Fixed income markets are entering 2025 at a genuinely interesting juncture. After the most severe bond market drawdown in modern history — driven by the 2022 inflation shock and subsequent aggressive central bank tightening — yields across developed market government bonds are at their most attractive absolute levels in well over a decade. The beginning of central bank easing cycles creates a compelling case for increasing fixed income allocations, but the path from current elevated yields to the end-state terminal rate is neither straight nor smooth. Our fixed income team outlines our preferred positioning across duration, credit quality, and geographic allocation for the year ahead.

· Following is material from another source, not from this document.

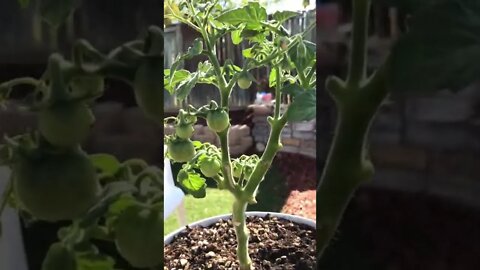 50 cherry tomatoes Flowering Tomato Plant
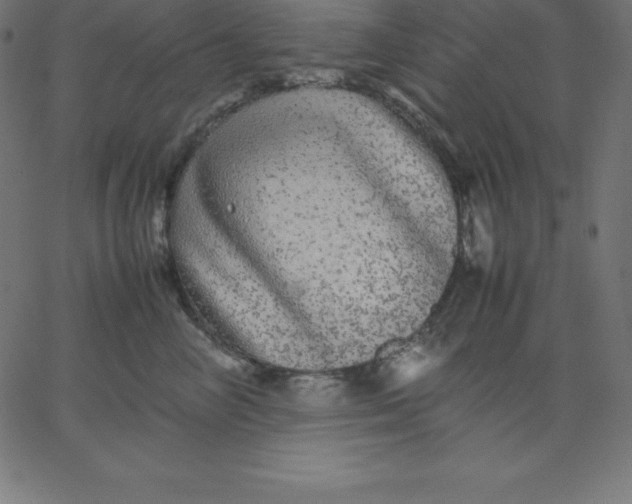 X0000067850714200604271645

Duration Strategy: Moving from Underweight to Neutral to Overweight

We recommend a phased approach to duration extension throughout 2025, beginning at neutral and moving to overweight as the rate cutting cycle gathers pace and the trajectory of inflation becomes clearer. Starting the year at neutral duration — relative to benchmark — provides participation in any early-cycle rally while limiting exposure to inflation data surprises or central bank communications that delay the cutting timetable.

The sweet spot of the yield curve for duration extension is the intermediate (3-7 year) maturity range. This portion of the curve offers the best combination of yield income and duration sensitivity to rate cuts. Very long-duration bonds (15-30 years) offer higher sensitivity to rate moves but expose investors to greater term premium uncertainty, fiscal deficit concerns, and supply indigestion risk as governments continue to fund large deficits.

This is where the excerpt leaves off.